The Greater Toronto Area just experienced its strongest August on record, with sales booming in the suburbs beyond city borders.
A whopping 9,813 homes exchanged hands in the GTA, the Toronto Real Estate Board (TREB) revealed in today’s Monthly Resale Housing Market Figures report – up 23.5% from last year.
TREB points to August’s two additional working days as a reason for the spike in Toronto real estate, noting sales would have grown 13% without them. However, it’s clear the board is keen to gauge whether foreign investment is driving prices in the region; it announced it will release third party data, along with consumer and realtor survey results, this fall and winter on “foreign buying activity and issues affected supply of ownership housing”, according to TREB Director of Market Analysis Jason Mercer.
Are Foreign Investors Driving GTA Home Sales?
The extent of foreign investment in the GTA is a hot topic following intense scrutiny in Vancouver’s market, where the provincial Liberal government recently implemented a 15% tax on all foreign home purchases within the city. The move has since led to a 26%-drop in Vancouver home sales and speculation that the market may finally be cooling on the west coast.
Analysts have expressed concern that those deterred investors will set their sights on Toronto’s market instead, where such restrictions have yet to be implemented. All eyes will surely be on the data TREB is set to reveal in the coming months to see whether that’s the case.
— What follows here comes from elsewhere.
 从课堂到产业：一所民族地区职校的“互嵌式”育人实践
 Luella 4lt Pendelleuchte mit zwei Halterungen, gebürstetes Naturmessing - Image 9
Strong Sales in the Suburbs
Whether or not Toronto is in for such measures, Canada’s second-hottest housing market remains a tough act for home buyers. Detached houses are increasingly rare within the city limits, leading buyers to ‘drive until they qualify’ – a trend reflected in TREB’s monthly report, where sales in the 905 steadily outstrip those in Toronto proper.
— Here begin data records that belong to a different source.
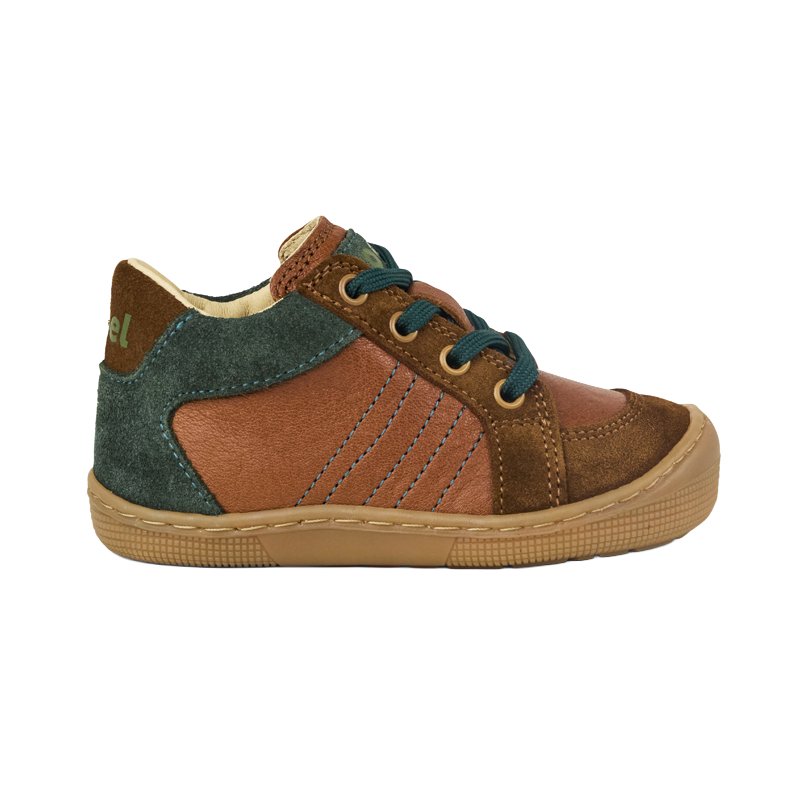KOEL Barefoot Kinder wasserabweisende Sneakers DION TEX cognac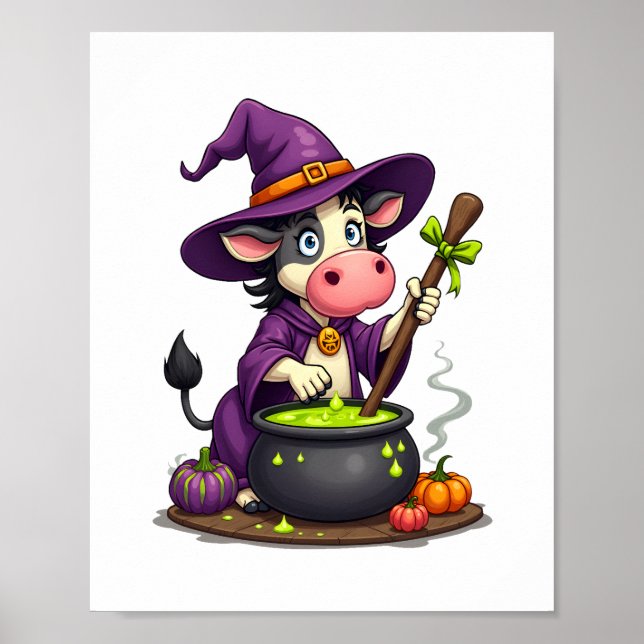 Poster Vache de sorcière Cauldron Brew (Devant)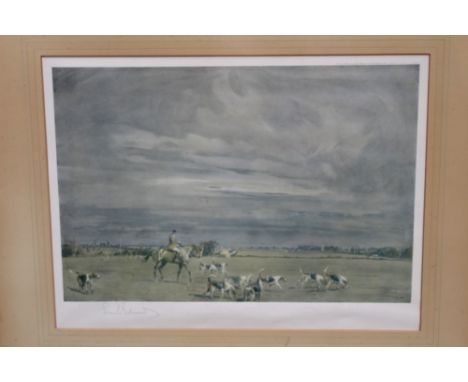 Collection of sporting prints to include:  signed Lionel Edwards print of The Essex, three other Lionel Edward prints, Cecil 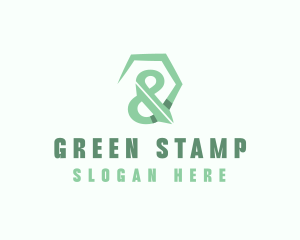 Green Ampersand Type logo design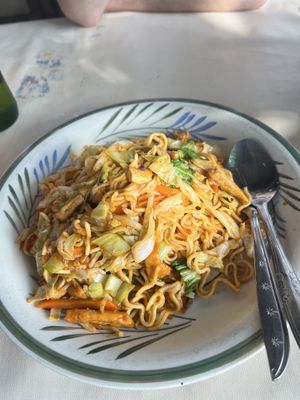 Noodle with tofu   at Martini's Warung in Manggis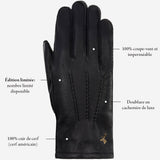 Charles – luxueux gants en cuir de cerf américain avec doublure chaude en cachemire - Schwartz & von Halen FR - Gants en Cuir - 14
Only 863 detached houses sold last month in the 416, compared to 3,586 in the 905. However, you’ll still need nearly seven figures to afford one, regardless of where you buy – the average house price hit $1,206,637 in Toronto and $905,610 in the burbs.
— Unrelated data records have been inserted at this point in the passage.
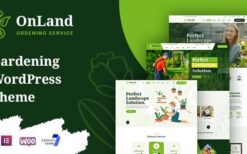 OnLand v1.1.2 Gardening WordPress Theme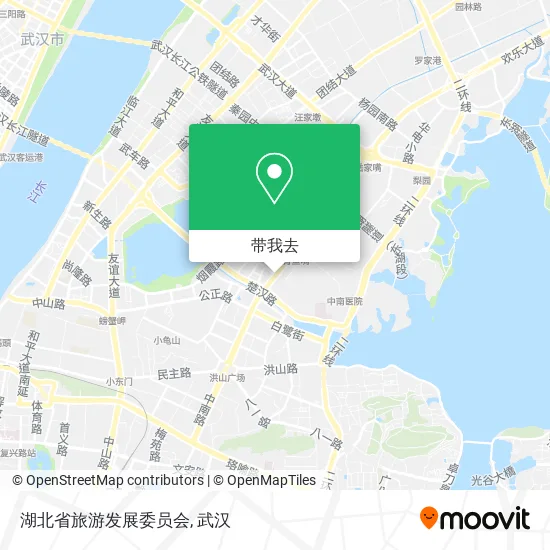 湖北省旅游发展委员会地图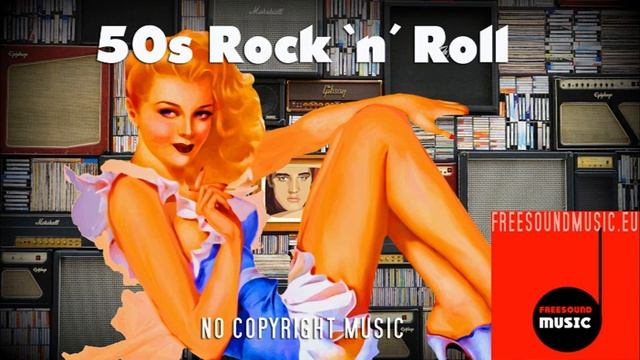 Rock Around The Block no copyright 50s Rock n Roll, royalty free vintage music смотреть онлайн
With the exception of condos, sales for every housing type exceeded Toronto levels outside city limits:
Toronto MLS Sales & Average Price By Home Type August 1 – 31, 2016 | ||||||
Sales | Average Price | |||||
416 | 905 | Total | 416 | 905 | Total | |
Detached | 863 | 3,586 | 4,449 | 1,206,637 | 905,610 | 964,002 |
Yr./Yr. % Change | 14.8% | 24.0% | 22.1% | 18.3% | 23.3% | 21.5% |
Semi-Detached | 208 | 651 | 859 | 774,700 | 594,033 | 637,780 |
Yr./Yr. % Change | -8.8% | 15.6% | 8.6% | 16.4% | 20.6% | 17.6% |
Townhouse | 357 | 1,154 | 1,511 | 614,638 | 536,256 | 554,775 |
Yr./Yr. % Change | 14.1% | 25.8% | 22.8% | 16.9% | 18.4% | 17.7% |
Condo Apartment | 1,964 | 822 | 2,786 | 446,612 | 349,194 | 417,869 |
Yr./Yr. % Change | 33.5% | 28.6% | 32.0% | 9.8% | 9.2% | 9.8% |
Growing Incomes and Low Rates Boost Buyers
According to TREB President Larry Cerqua, improving incomes and lingering low mortgage rates continue to support buyer ambitions, despite tight supply. “The conditions underlying strong demand for ownership housing remained in place, including a relatively strong regional economy, growth in average earnings and low borrowing costs,” he stated in TREB’s release. “Unfortunately, we did not see any relief on the listings front, with the number of new listings down compared to last year. This situation continued to underpin very strong home price growth, irrespective of home type or area.”
As well, mortgage rates are on track to remain at record lows for at least the medium term; the Bank of Canada opted to hold its trend-setting interest rate at 0.5% in today’s announcement, citing weak employment and inflation growth.